I wondered why the invisible circuit breaker had popped – and why no alternator warning lights. The latter was easily answered. There were no bulbs in the alternator lamp module, only the transparent red covers! The earlier repeated problems with the warning lights had proved too expensive for the owner, so he simply removed the alternator warning lamp bulbs and replaced the red covers. No entry had been made in the Maintenance Release to this effect.

So what about the circuit breaker? In the Beech Baron, the aileron and elevator control lock consists of a large metal pin which fits into matching holes drilled in the axis of the master control column. Attached to this pin by a length of retaining wire is a metal bar, designed to be placed in between the rudder pedals, so forming a rudder lock.

On this particular Baron, the wire was very taut with locks in place and it took a lot of fiddling under the instrument panel to fit the rudder lock properly. When so fitted, the retaining wire ran very close to the hidden circuit breaker.

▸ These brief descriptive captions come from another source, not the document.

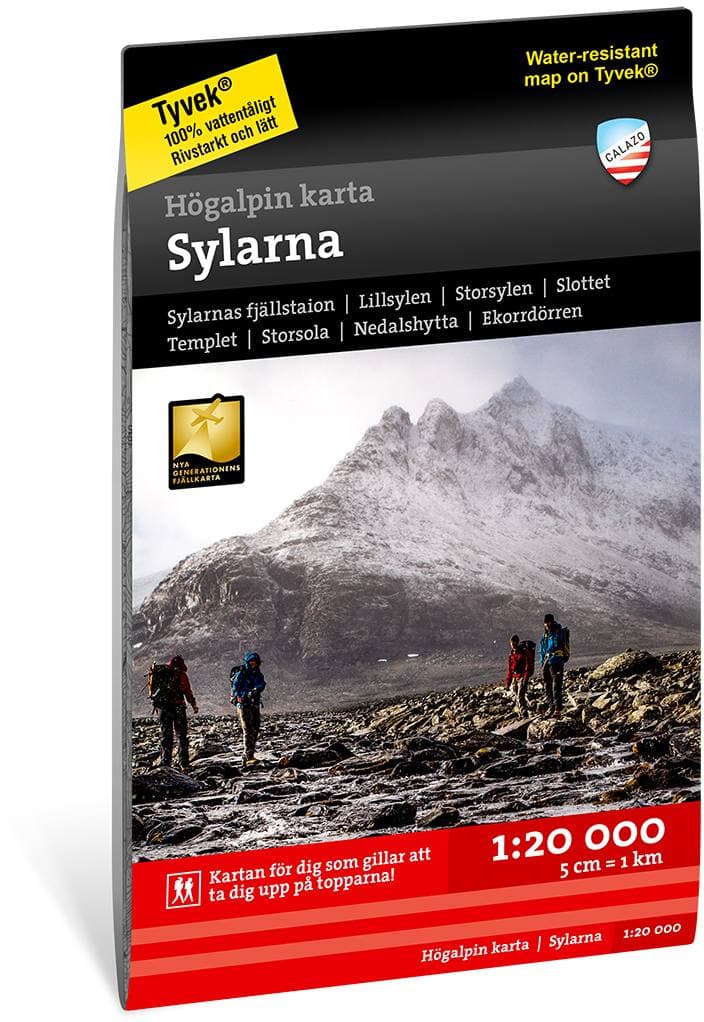 Calazo Sylarna retkeilykartta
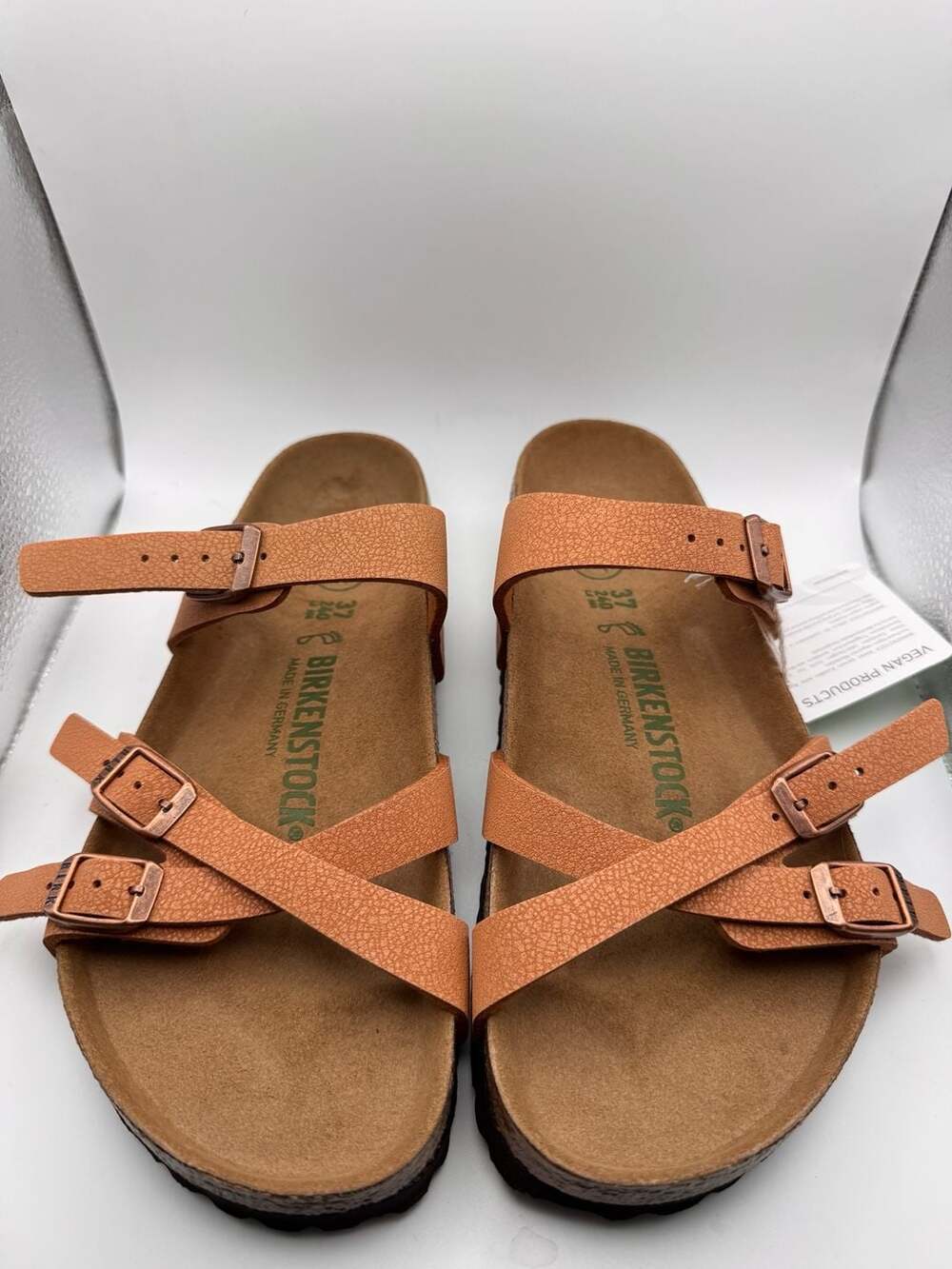Birkenstock Franca Vegan Birko-Flor Sandals in Pecan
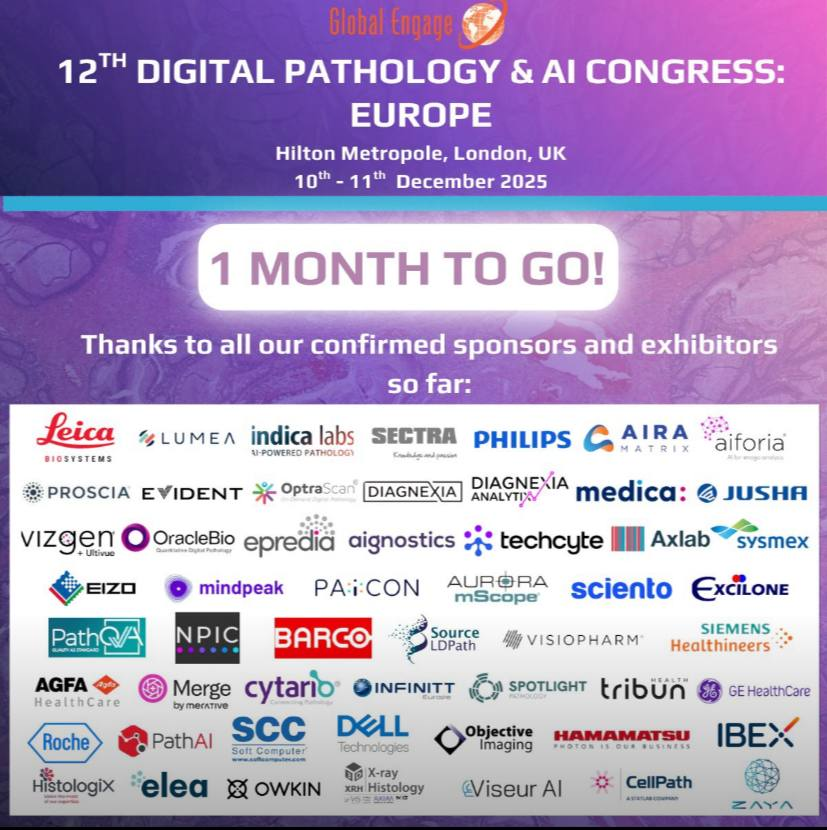 ZayaAI_PathDx's tweet image. GM Zayans,

Regardless of the market conditions our mission continues:

Our CEO @CristianMogo_Dx will join #DigiPathLondon and introduce ZayaAI LIS alongside our end-to-end digital pathology solutions. 

This will be a great opportunity to connect with labs and partners in the…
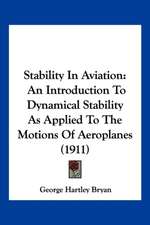 Stability In Aviation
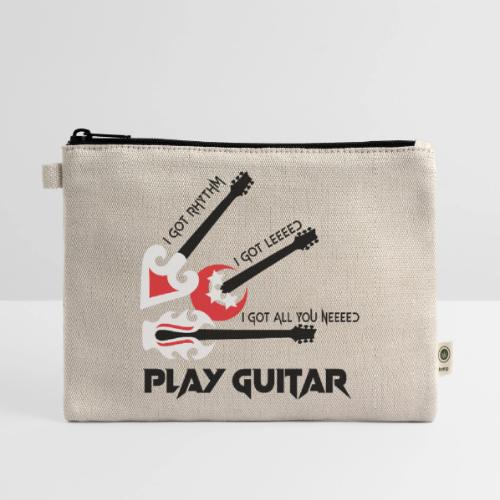 PLAY GUITAR - Hemp Carry All Pouch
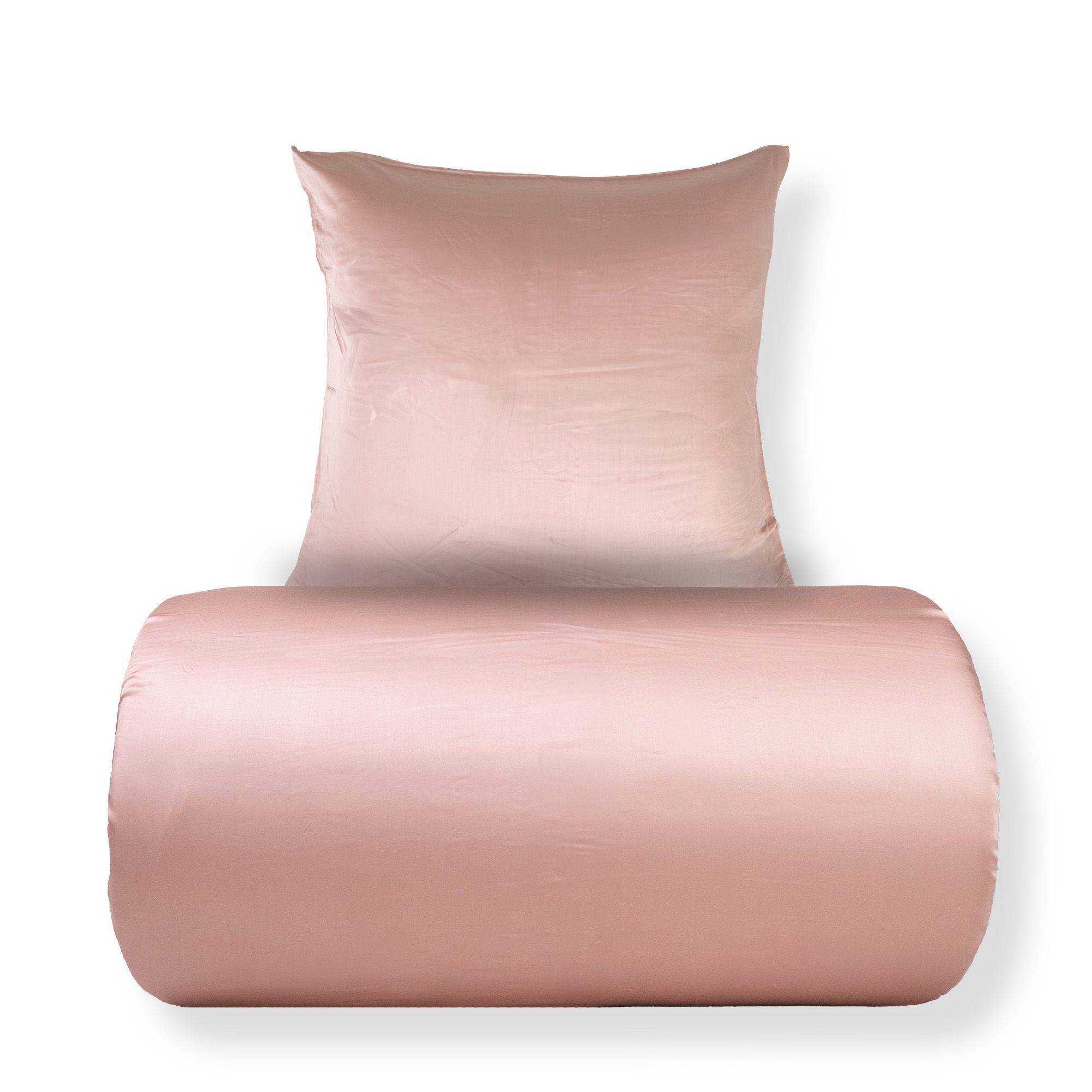 Bambus dobbelt sengetøj 200x220 cm - 100% bambus - Rosa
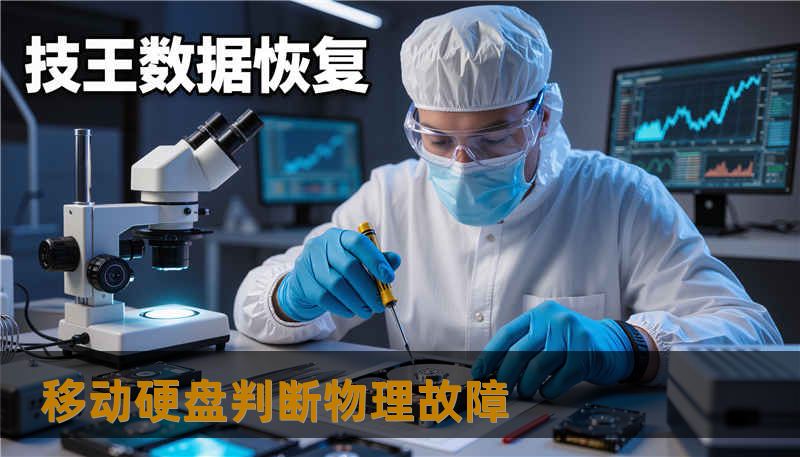 移动硬盘判断物理故障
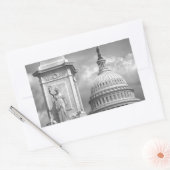 B&W Washington DC Rechthoekige Sticker (Envelop)
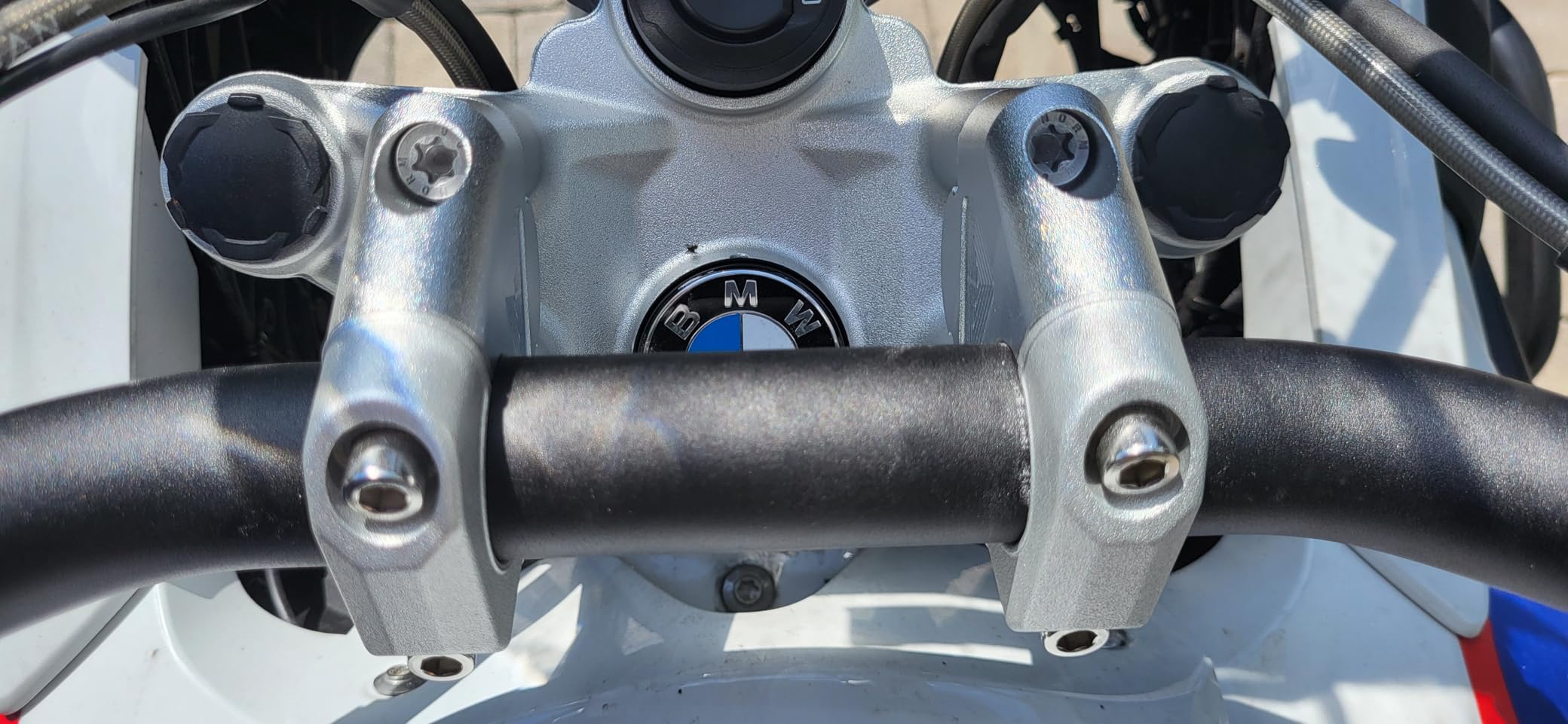 OUKENS rialzo manubrio moto BMW R1200GS 30mm alluminio 2pz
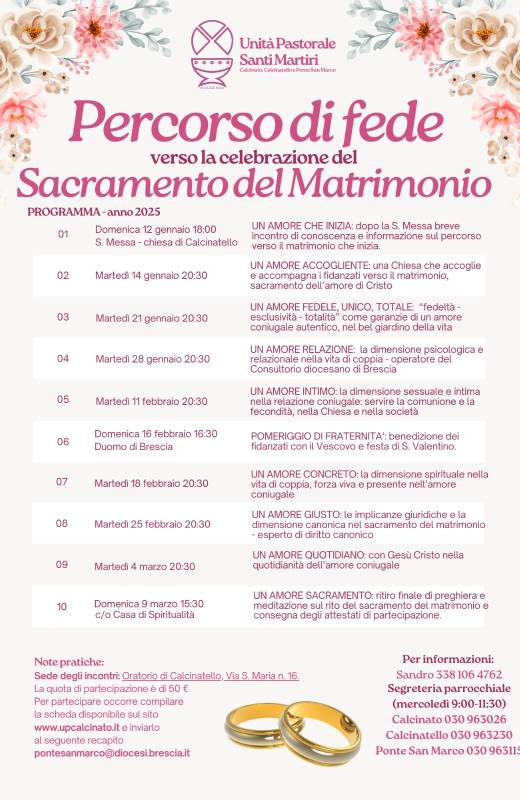 corso prematrimoniale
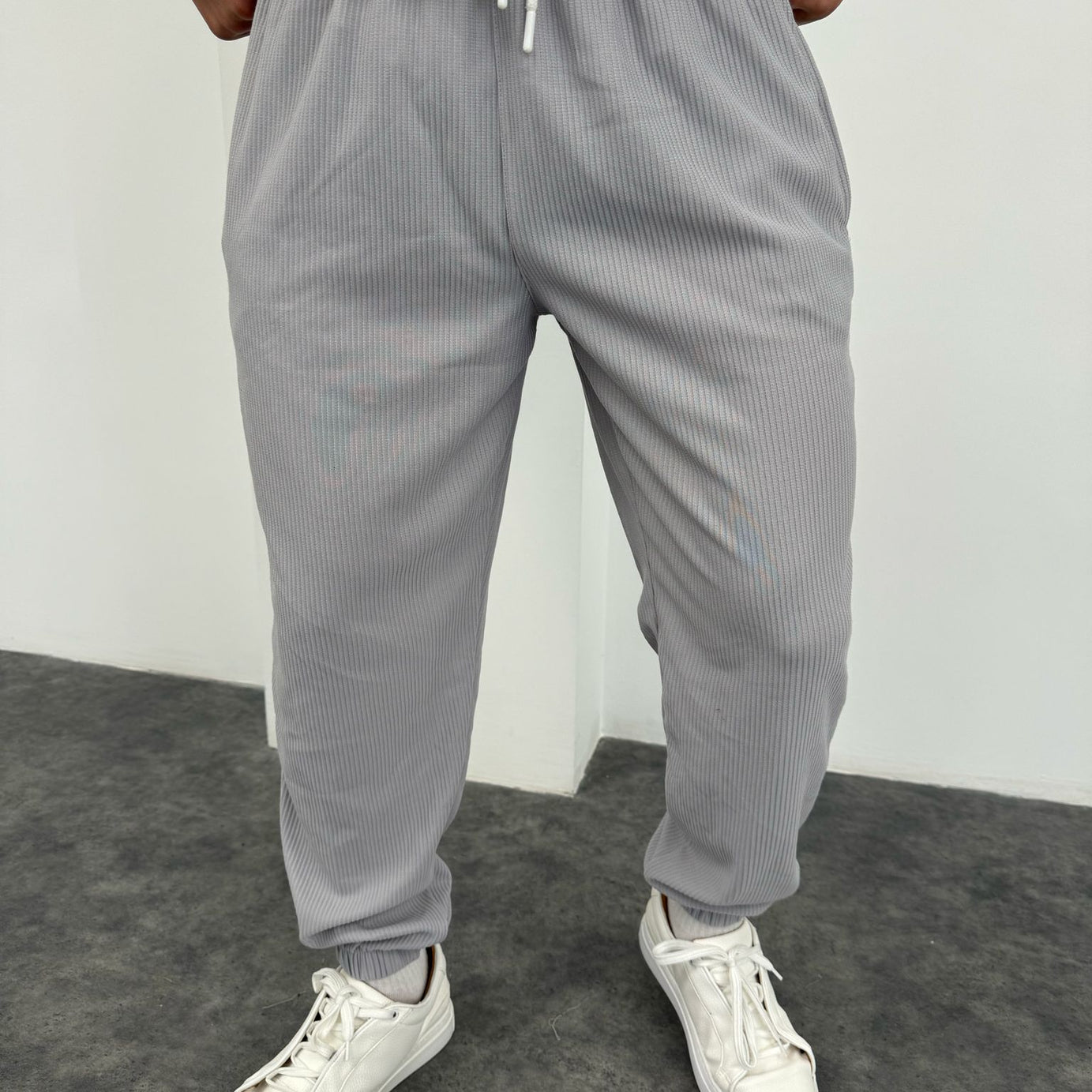 İpli Keten Pantolon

Apparently, when I removed the control locks before taking off for Melbourne the wire jagged the collar of the circuit breaker, pulling it out.

Unwittingly, I then flew two sectors, including two engine starts and night flying, on battery only. With the absence of alternator warning lights appearing to indicate all was well, I did not monitor the load meters closely. And when the battery gave up the ghost the load meters showed a slightly positive needle position only because it was their electrical zero. Murphy’s Law!

Oh yes – I almost forgot to add that the reason for the jamming of the emergency undercarriage crank was damage to the mechanism, in all probability caused by heavy freight resting on the assembly…

The lesson of this sorry tale? Don’t allow commercial or personal pressures to influence your professional airmanship decisions –in other words, don’t cut corners. And at night always carry a fully charged torch – preferably two.

outnabout
31st Aug 2017, 23:07
Centaurus, this is such a valuable tale to any aviator. Thank you!

And I am pleased to see that you are here to tell the story.